Records shown:
◆ ◆ ◆ ◆

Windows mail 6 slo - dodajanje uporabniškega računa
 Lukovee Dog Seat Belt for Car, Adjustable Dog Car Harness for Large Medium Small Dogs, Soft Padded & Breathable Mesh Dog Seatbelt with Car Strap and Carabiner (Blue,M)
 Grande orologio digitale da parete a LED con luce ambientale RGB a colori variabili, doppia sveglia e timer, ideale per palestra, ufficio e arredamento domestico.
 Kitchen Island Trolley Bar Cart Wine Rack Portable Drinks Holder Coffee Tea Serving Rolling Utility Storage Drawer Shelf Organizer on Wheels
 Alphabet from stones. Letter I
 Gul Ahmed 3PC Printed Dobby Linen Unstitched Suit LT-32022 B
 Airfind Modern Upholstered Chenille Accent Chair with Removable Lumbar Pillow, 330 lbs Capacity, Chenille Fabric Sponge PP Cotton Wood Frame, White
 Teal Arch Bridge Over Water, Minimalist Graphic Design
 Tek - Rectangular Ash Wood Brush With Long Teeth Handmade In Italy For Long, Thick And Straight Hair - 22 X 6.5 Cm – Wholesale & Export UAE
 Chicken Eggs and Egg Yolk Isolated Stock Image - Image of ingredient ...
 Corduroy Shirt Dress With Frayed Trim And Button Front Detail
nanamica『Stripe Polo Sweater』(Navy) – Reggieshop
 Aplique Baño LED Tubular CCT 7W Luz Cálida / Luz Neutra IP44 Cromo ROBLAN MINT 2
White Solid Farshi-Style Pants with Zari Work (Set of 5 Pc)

◆ ◆ ◆ ◆

Work request: In full and without alteration, reproduce the records above.

Result:
Windows mail 6 slo - dodajanje uporabniškega računa
 Lukovee Dog Seat Belt for Car, Adjustable Dog Car Harness for Large Medium Small Dogs, Soft Padded & Breathable Mesh Dog Seatbelt with Car Strap and Carabiner (Blue,M)
 Grande orologio digitale da parete a LED con luce ambientale RGB a colori variabili, doppia sveglia e timer, ideale per palestra, ufficio e arredamento domestico.
 Kitchen Island Trolley Bar Cart Wine Rack Portable Drinks Holder Coffee Tea Serving Rolling Utility Storage Drawer Shelf Organizer on Wheels
 Alphabet from stones. Letter I
 Gul Ahmed 3PC Printed Dobby Linen Unstitched Suit LT-32022 B
 Airfind Modern Upholstered Chenille Accent Chair with Removable Lumbar Pillow, 330 lbs Capacity, Chenille Fabric Sponge PP Cotton Wood Frame, White
 Teal Arch Bridge Over Water, Minimalist Graphic Design
 Tek - Rectangular Ash Wood Brush With Long Teeth Handmade In Italy For Long, Thick And Straight Hair - 22 X 6.5 Cm – Wholesale & Export UAE
 Chicken Eggs and Egg Yolk Isolated Stock Image - Image of ingredient ...
 Corduroy Shirt Dress With Frayed Trim And Button Front Detail
nanamica『Stripe Polo Sweater』(Navy) – Reggieshop
 Aplique Baño LED Tubular CCT 7W Luz Cálida / Luz Neutra IP44 Cromo ROBLAN MINT 2
White Solid Farshi-Style Pants with Zari Work (Set of 5 Pc)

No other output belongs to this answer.